Of all the lines in the material, tally those containing the string "Image", and report nothing but the total.

GIVEN DATA:
=== Begin Enclosure ===

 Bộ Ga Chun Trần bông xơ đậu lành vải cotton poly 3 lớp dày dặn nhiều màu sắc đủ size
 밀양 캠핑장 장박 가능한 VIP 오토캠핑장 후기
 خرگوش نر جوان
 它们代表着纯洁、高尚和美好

=== End Enclosure ===
=== Begin Enclosure ===

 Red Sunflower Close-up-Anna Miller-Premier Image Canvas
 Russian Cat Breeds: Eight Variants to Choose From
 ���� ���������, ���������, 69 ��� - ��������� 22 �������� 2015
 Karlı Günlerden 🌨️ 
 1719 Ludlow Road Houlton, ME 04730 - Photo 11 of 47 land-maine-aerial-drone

=== End Enclosure ===
=== Begin Enclosure ===

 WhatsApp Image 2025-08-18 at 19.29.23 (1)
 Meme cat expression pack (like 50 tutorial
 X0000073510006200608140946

=== End Enclosure ===

EXERCISE ANSWER:
2